As the season of Lent races towards its crescendo, it is well what Christians believe about their Lord:
  • Christ is the ordering force in the universe. He thus offers himself as the antidote to fragmentation and postmodern chaos.
  • Christ is about unity. It is the promise of the Gospel that the believer becomes one with Christ and will share his glory. A foretaste of this unity and eternal glory the faithful experience in Holy Communion.
  • In this unity with Christ and each other the faithful are genuinely diverse, as the Apostle Paul impresses upon Christianity:
"For as in one body we have many members, and all the members do not have the same function, so we, though many, are one body in Christ, and individually members of one another. Having gifts that differ according to the grace given to us, so let us use them" (Romans 12:4-6).
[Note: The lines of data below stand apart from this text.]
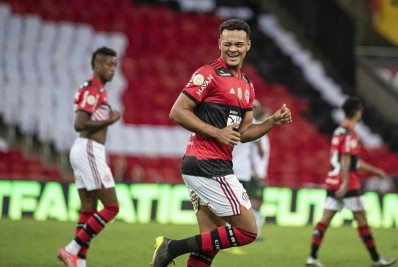 Rodrigo Muniz, do Flamengo, é eleito o craque da rodada prelo 'Prêmio Bola de Prata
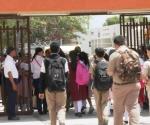 Llaman a maestros no excederse en materiales: Piden en educación lista de útiles ligera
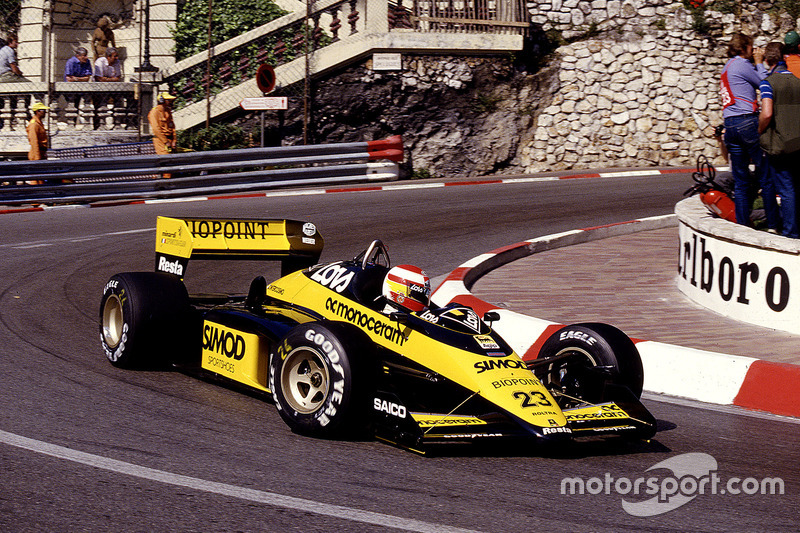 #23 : Adrian Campos, Minardi M187, Motori Moderni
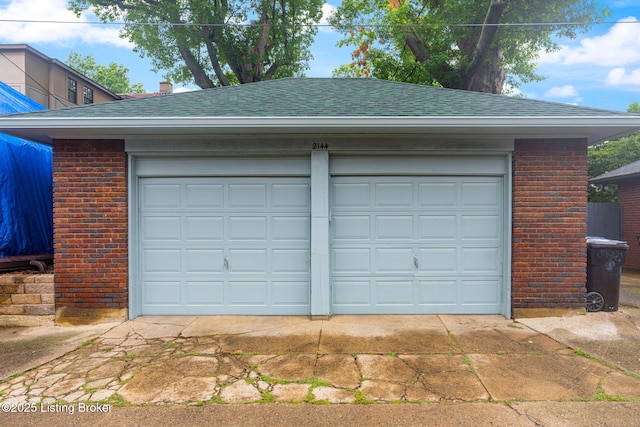 2144 Baringer Ave, Louisville, KY 40204 - view of garage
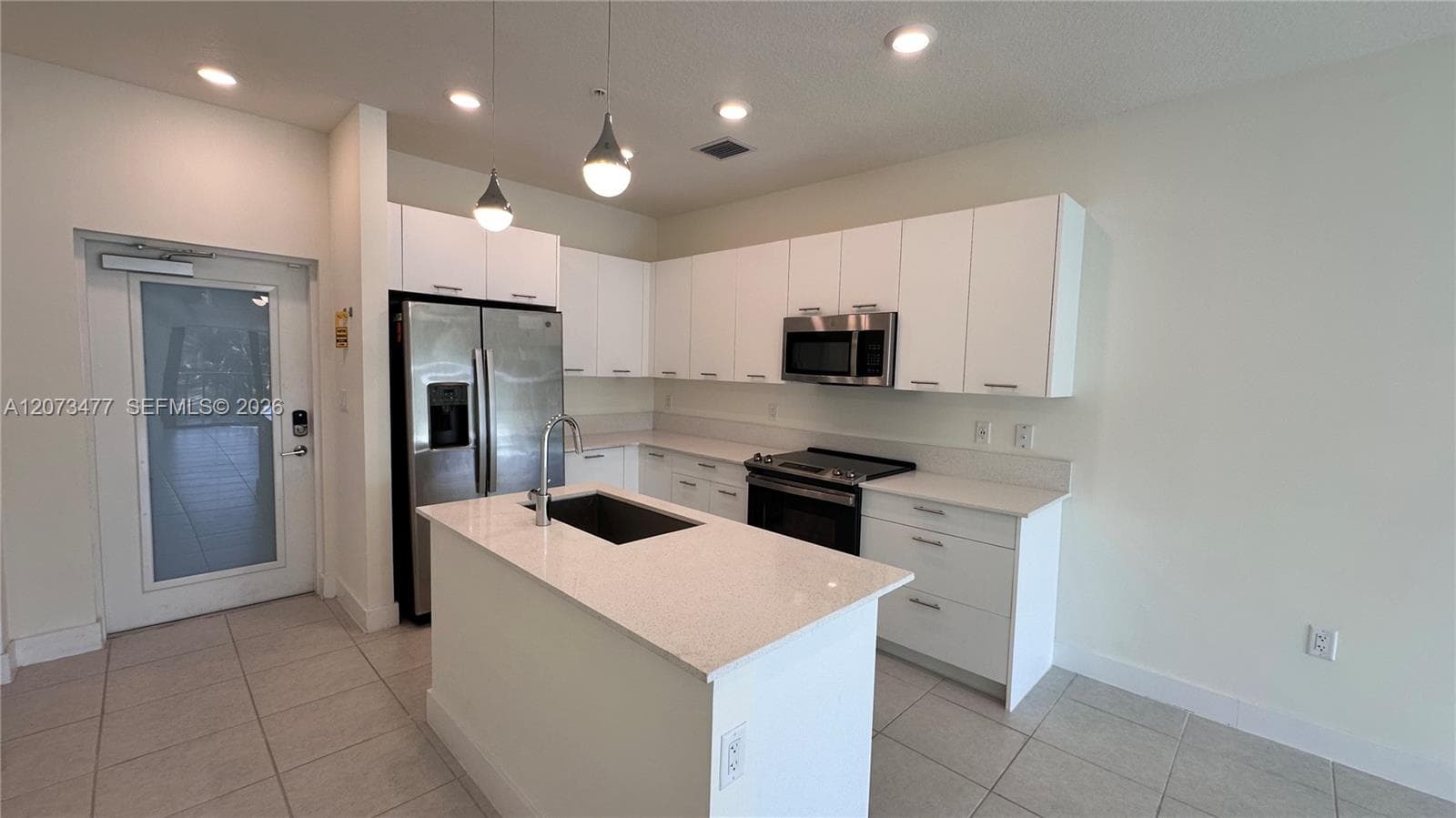 8001 NW 41st St # 308, Doral, FL 33166 photo 4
This, then, is the message the church must proclaim evermore clearly to a fragmented generation posing as merry, but in reality writhing in what the sociologist of religion Peter L. Berger termed "anomic terror."

If the authors of the past and future installments of this series are correct, this message will fall at least on some open ears.

For 55 years after Dietrich Bonhoeffer's death on the gallows, it has become evident that much of Western humanity senses what he had recognized so early:

"There is so little ground under our feet."

Uwe Siemon-Netto is religion correspondent for United Press International.